So, what does this mean for the IT MSPs, SaaS, consultancy, and professional services providers that sell to these firms?


Short answer:

  • More questions from more informed people.


Long answer:

  1. Financial services firms need to comply with an increasing number of regulatory and legal obligations to ensure their service providers are not exposing them to operational resilience or security weaknesses.
  2. To comply with these obligations, they are allocating more of their people to:
    • Assess and monitor existing service providers, and to identify substitute service providers in case an existing provider is too weak*.
    • Evaluate any new service provider, before they are allowed in the door**.
  3. These people are asking service providers more detailed questions about how they are managing operational resilience and security.
  4. These people are doing this all day every day. They know what ‘good’ looks like.

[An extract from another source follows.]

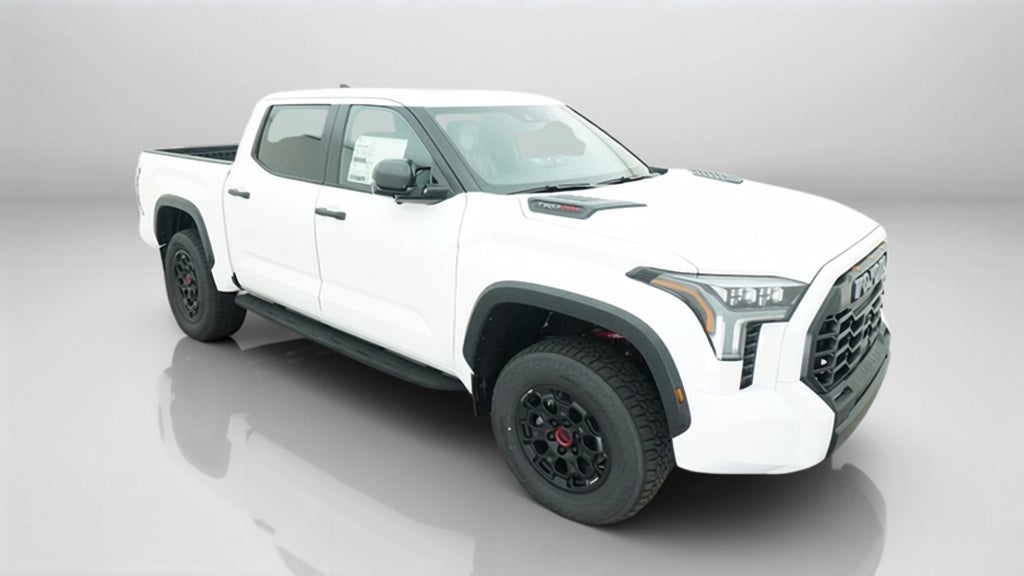 2026 Toyota Tundra i-FORCE MAX TRD Pro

So, if you sell services to financial services firms:

  1. You are going to be asked more questions by more informed people.
  2. They are going to know if your answers are weak.
  3. They may be the reason why you are going to struggle to convert an interested prospect into a paying client.


So what?

If you don’t like the sound of this, you may need to pick a different target market.



* Identifying substitutes is not a choice. It’s an obligation:

“Where interdependencies on third parties for the delivery of critical or important business services have been identified, it should be verified that these arrangements have appropriate operational resilience conditions to ensure the firm can remain within its impact tolerances. [..] The firm should consider identifying the dependencies that can be substituted in the event of an unexpected disruption.” [Central Bank of Ireland Guidance on Operational Resilience, Guideline 11, Page 24-25)].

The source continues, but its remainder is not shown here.